Ni el socialista Solbes ni su sucesora como vicepresidenta del Gobierno y ministra de Economía y Hacienda Elena Salgado Méndez (2009-2011), que fueron cómplices de ese catastrófico continuismo económico, se atrevieron a pinchar la burbuja, ni siquiera cuando comenzaron a sonar las alarmas en 2007. Como así tampoco lo hicieron in extremis cuando el derrumbe financiero internacional era, más que una amenaza, una realidad insoslayable con la quiebra de Lehmans Brothers o el fraude multimillonario de Bernard Madoff, junto a otros cataclismos globales ocurridos a partir de 2008 y auspiciados por la alegre desregularización del mercado que, mucho antes, habían comandado el presidente norteamericano Ronald Wilson Reagan y la férrica premier británica Margaret Hilda Thatcher con su prodigiosa Blitzkrieg  neoliberal, durante los años 80 y 90 del pasado siglo. 

¿La excusa? El miedo a que el solo hecho de mentar la crisis” pudiera enfriar una economía cuya nave ya derrotaba hacia el Océano Ártico –para encallar entre los témpanos más cercanos al Polo Norte.


La gente –con perdón del populismo– no es tan tonta como le parece a quienes prosperan teniéndola por tal y así tratándola cuando se deja. Y la gente sabe, sobre todo cuando funge de ciudadanía, que lo mismo el PP que el PSOE han sido responsables de lo ocurrido.

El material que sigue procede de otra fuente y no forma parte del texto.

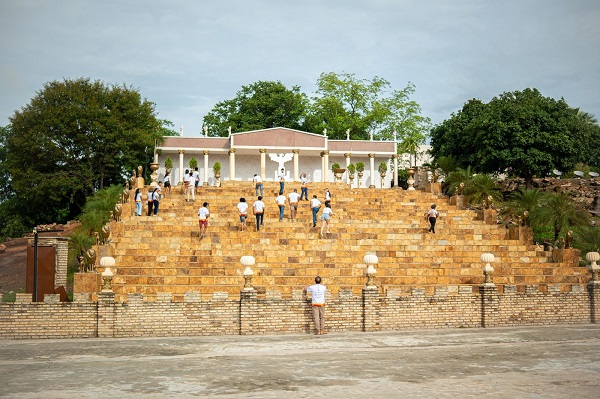 WhatsApp Image 2026 04 01 at 12.36.25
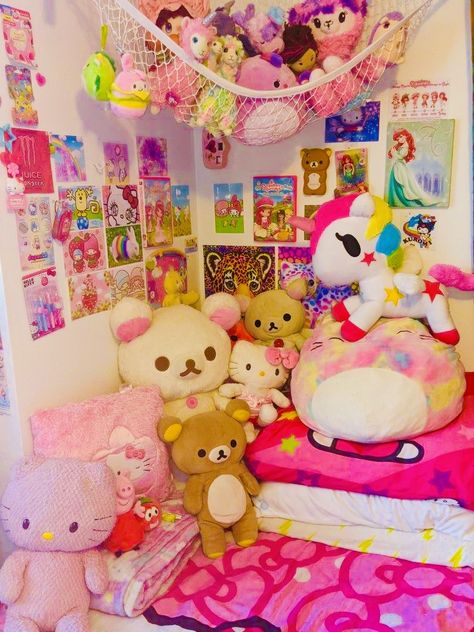 Kawaii Room With Loft Bed, Kawaii Cluttercore Bedroom, Bunk Bed Kawaii Room, Bedroom Cutecore, Kidcore Room, Emo Room, Magical Room, Kawaii Bedding For $40, Room Hacks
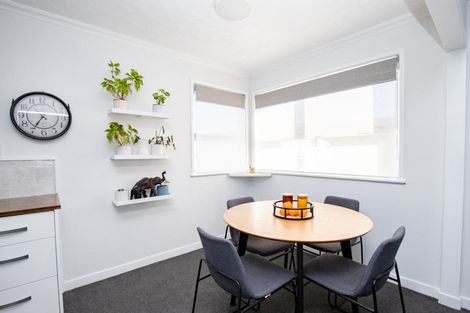 Photo of property in 71 Pipiroa Road, Ngatea, 3503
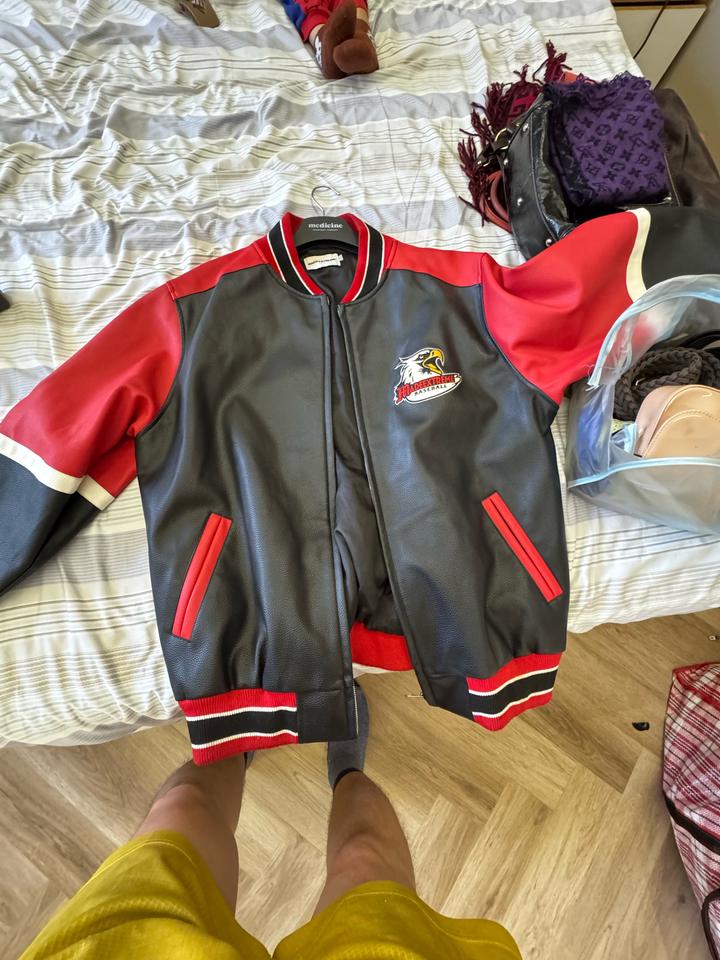 Нет бренда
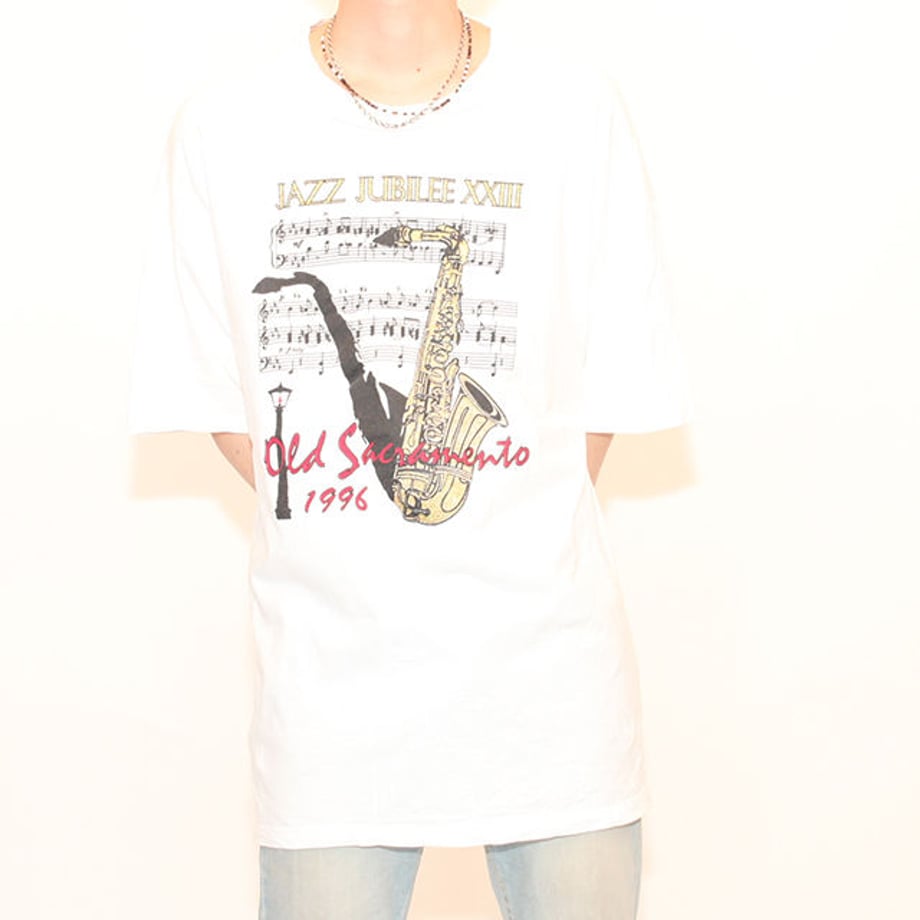 5cdb9833d211bf02aa7f81b4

Y también sabe algo aún más terrible y que no han podido ocultar ni disfrazar unos ni otros –por mucho que hayan levantado cortinas de humo para despistarla; por mucho y tú más que se hayan escupido los imputables entre sí; y por mucho ventilador que haya intentado desviar el hedor de la basura oreada en común–: Y es que esta crisis no ha sido sólo eso que se ha venido en llamar recesión de balance causada por un endeudamiento y enriquecimiento irresponsables concepto acuñado por el economista de origen japonés Richard Koo y que sólo explica una parte de este monumental fiasco.  

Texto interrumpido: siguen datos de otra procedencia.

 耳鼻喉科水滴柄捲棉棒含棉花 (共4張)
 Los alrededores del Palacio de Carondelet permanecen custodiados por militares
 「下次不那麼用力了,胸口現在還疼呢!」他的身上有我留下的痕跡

Es más, la gente se ha sentido, más que engañada, ofendida en el alma cuando la han querido avergonzar, riñéndola con la velada acusación de haber vivido por encima de sus posibilidades al contraer deudas crediticias e hipotecarias inapropiadas a sus ingresos y expectativas... bajo la artera seducción de bancos y financieras. Porque sólo ellos: los grandes partidos y también los pequeños, los sindicatos, la Administración central y las autonómicas, no en solitario, sino en compañía de los grandes empresarios, de la Banca pública y privada, así como de los especuladores del  capital financiero y los medios de Comunicación en concurso, se aprovecharon entonces y todavía siguen llenándose los bolsillos, por acción u omisión, gracias al dinero de todos, endeudándonos a nosotros, y a nuestros hijos y nietos, quienes tampoco levantarán cabeza.

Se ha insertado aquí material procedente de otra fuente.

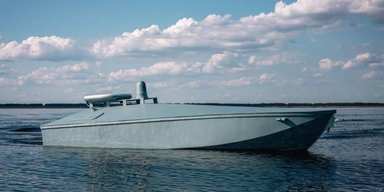 "Будут действовать даже в условиях океана": Зеленский анонсировал разработку новых надводных дронов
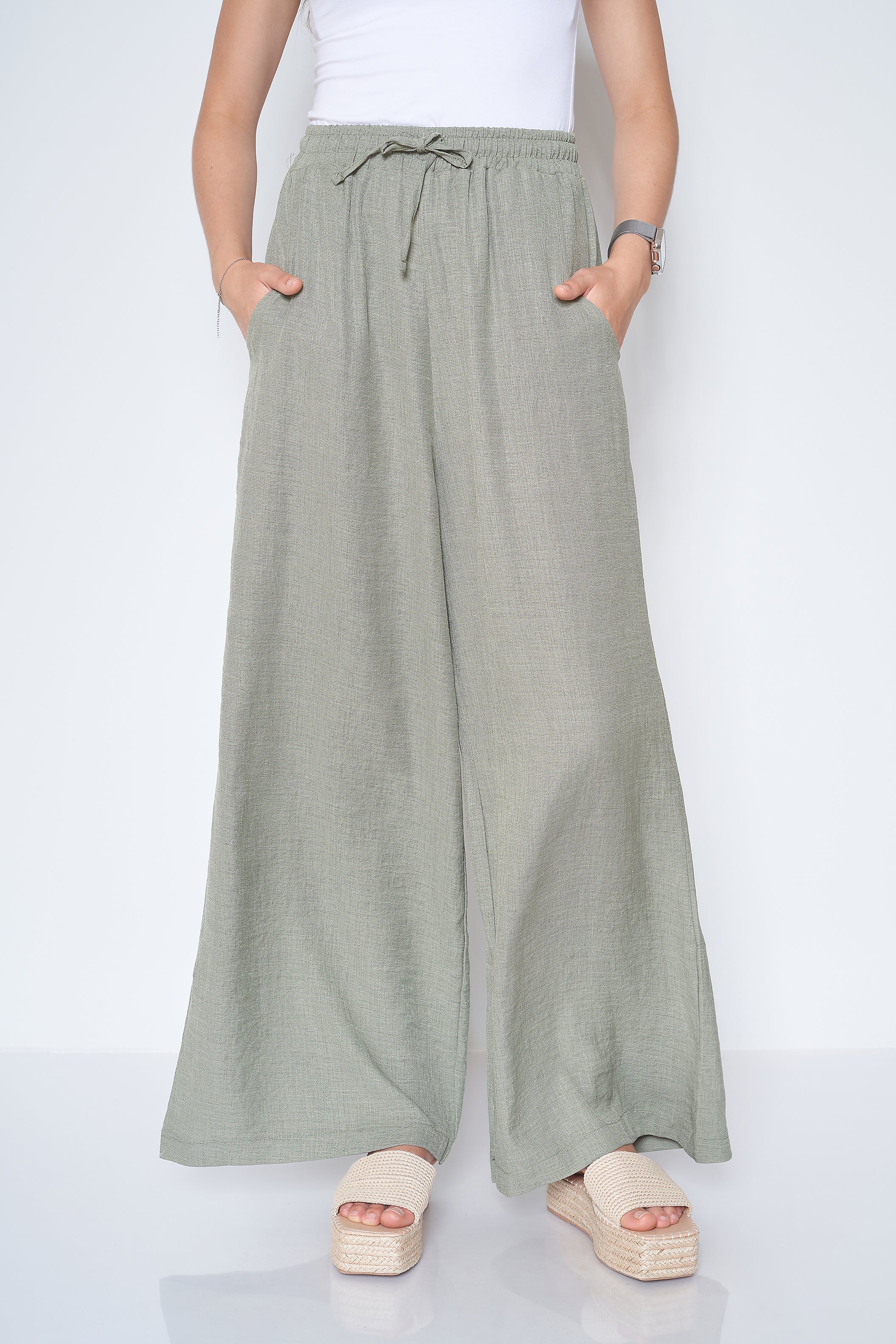 Wide-Leg Plain (Colored Trousers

En fin, el pecado imperdonable del PP y del PSOE –tanto monta, monta tanto– ha sido su apuesta por un modelo de desarrollo económico piramidal e insostenible: el ladrillo, que no sólo ha sido pan para hoy y hambre para mañana, sino que ha causado un daño irreparable, pues despreció al sector primario (la agricultura y la ganadería, la pesca, la minería, etc.) tanto como al secundario: la industria, la producción de energía o a la investigación y desarrollo; condenando a España a ser –y es de temer que por muchos años– un país de servicios: hostelería, turismo, etc., es decir: un campeón del sector terciario. Y a los españoles al empleo estacional y muy precario en lo económico, o a la emigración.

Un modelo que causó una oleada de deserciones escolares, para arrojar al paro a un ejército de jóvenes sin salida por carecer de formación, una verdadera tragedia social si a ese ejército se suma otro menos visible: el de los despedidos mayores de 45 años, desterrados del mercado laboral, muchos de los cuales ni se apuntan en el paro y que malviven en un limbo ajeno a las estadísticas (excepto las anónimas del suicidio). Un modelo que asimismo ha alimentado la mayor fuente de corrupción política y económica vista hasta ahora en nuestro país –que ya tenía sonoros antecedentes en la Restauración, la Dictadura y la República, así como en la Era de Franco.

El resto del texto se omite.